-------- Dataset excerpt --------

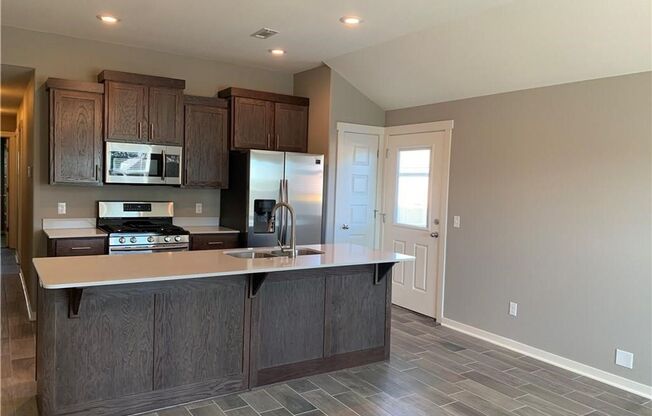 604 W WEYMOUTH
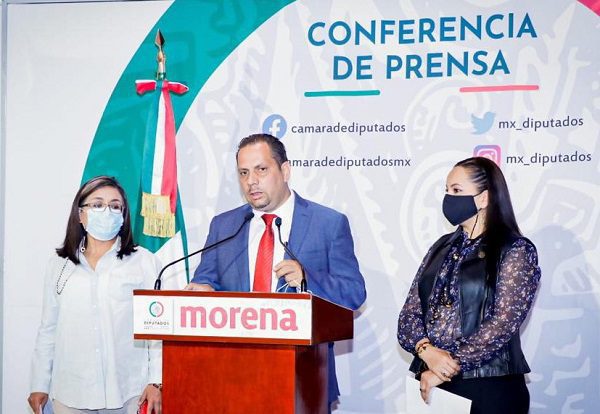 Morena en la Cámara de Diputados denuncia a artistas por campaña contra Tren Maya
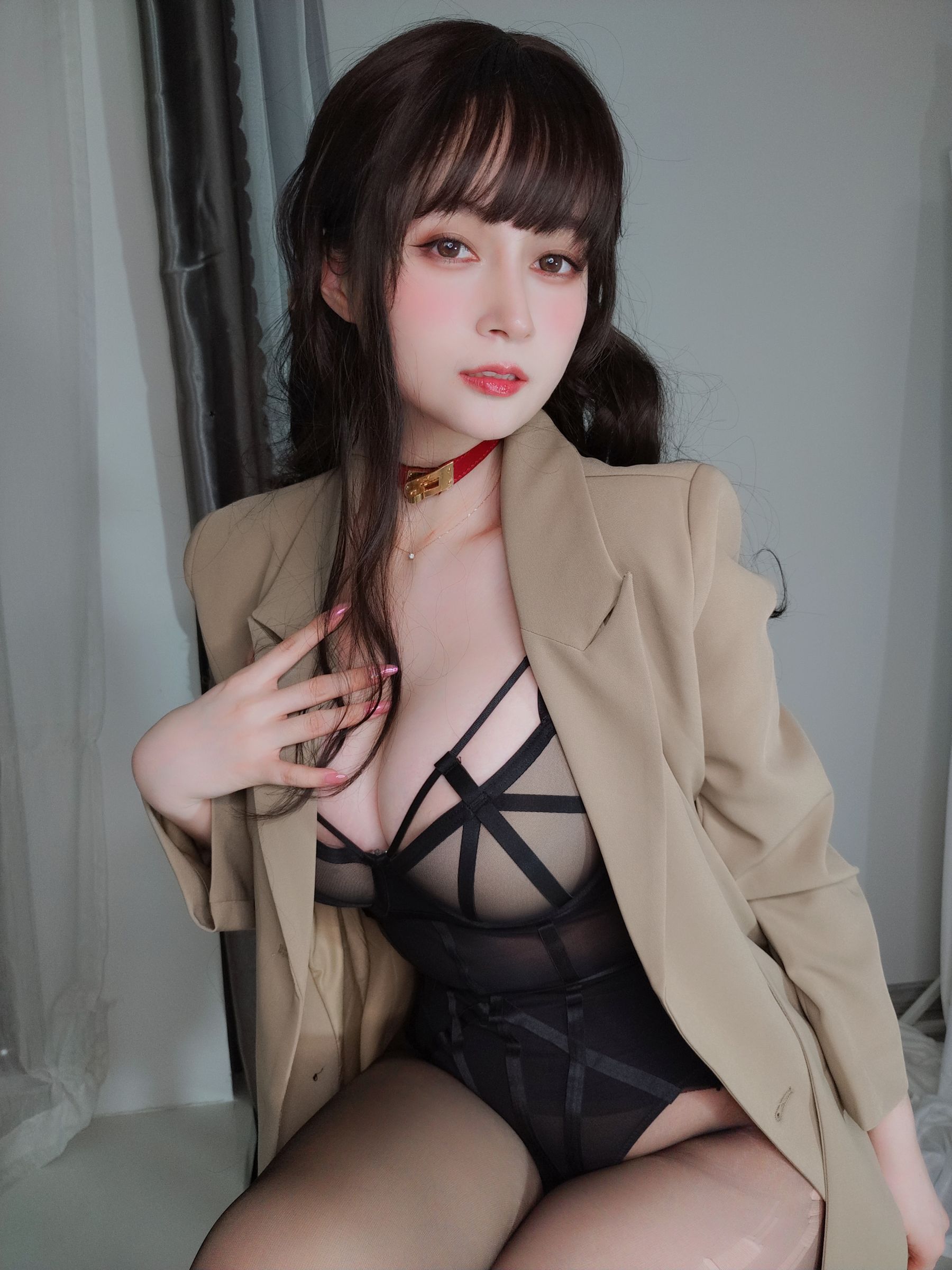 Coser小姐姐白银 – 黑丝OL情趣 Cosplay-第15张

--------

▸ Instructions to follow: From the line containing "Morena en la" through the last line of the listing, inclusive, transcribe every line exactly and nothing else; the pictures stay out.

▸ Reply to the task:
 Morena en la Cámara de Diputados denuncia a artistas por campaña contra Tren Maya
 Coser小姐姐白银 – 黑丝OL情趣 Cosplay-第15张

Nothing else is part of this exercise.